A few days ago, our friend Barrie sent me a CD of his weekly radio programme in which he had featured my post ‘Death Of The Brown Velvet Suit’. A day or so afterwards I received a ripped open envelope with nothing inside, packaged in The Post Office’s transparent apology envelopes. These containers bear a phone number for complainants to use. Suspecting a deliberate act here, I retained the package, intending to check with Barrie.
Today, a lengthening thread on Streetlife, the local internet noticeboard, was begun. Apparently this is now rife in our area. I smelt a rotten apple, and telephoned the complaints department. This is what I then posted on Streetlife:
‘I have just phoned the complaints department. After the usual string of options, I got a person.

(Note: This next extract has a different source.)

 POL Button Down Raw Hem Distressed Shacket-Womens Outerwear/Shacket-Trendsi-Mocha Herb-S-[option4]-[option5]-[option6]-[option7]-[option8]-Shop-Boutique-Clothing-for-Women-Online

I made it clear that this problem is rife in the area, and that ‘someone in your office is tampering with our mail’. I was given a reference number, a promise to report it immediately, and also of a written response. Watch this space’.
My own notes have been added to the envelope.

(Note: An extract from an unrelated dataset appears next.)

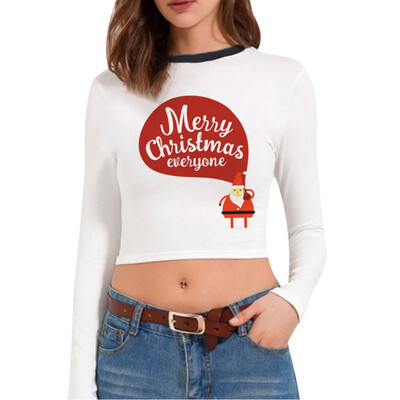 Christmas T-shirt Santa Claus Christmas Tree Print Multiple Choices Long-Sleeve Cropped tshirt New Hot Women Clothes
Christmas T-shirt Santa Claus Christmas Tree Print Multiple Choices Long-Sleeve Cropped tshirt New Hot Women Clothes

Jackie has done a marvellous job of eradicating most of the more persistent brambles and sticky Willies. Today I put in my twopenn’orth and cleared the few I could find.
Here is the now customary bee picture. This one collects nectar from a geranium.

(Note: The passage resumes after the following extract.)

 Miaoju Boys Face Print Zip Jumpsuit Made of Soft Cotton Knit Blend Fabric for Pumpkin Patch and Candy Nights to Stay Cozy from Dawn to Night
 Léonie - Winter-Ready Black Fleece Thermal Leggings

The parent starlings, striving to satisfy their boisterous brood, are now becoming quite cantankerous with me. In fact I was thankful I was not another starling, such as the one Jackie had seen yesterday daring to approach this family’s territory. Starlings normally gather in a murmuration, such as that collective that stole the chips at Mudeford on September 9th 2013. But not, apparently, when they are rearing chicks. Our pair saw off the intruder in no uncertain terms. They are satisfied with warning me off from a safe distance.
Now they perch on the rooftop for a while, squawking at me, fly off in a feint
then return,
drop down, and dive into the facia.
How they can create such a racket with their beaks so full is beyond me. It took three days of intermittent standing with varying degrees of patience to get these shots.
There was a queue outside Mr Pink’s fish and chip shop in Milford on Sea, where another bout of stationary waiting around was rewarded by the usual fresh and crisp cod, chips, and pickled onions that we enjoyed sitting in the car on the sea front.
The gentleman in the check shirt told me that this queue was nothing. It usually trailed many yards down the road. Whilst enjoying our meal and, in Jackie’s case, Hoegaarden, and mine, the last of the Cotes du Rhone, we watched a soaring seagull make a beeline for the P&O cruise ship Adonia passing yachts and the Isle of Wight on its way out to the ocean.
This made me think of our friend Jessie, who is rather partial to her cruises.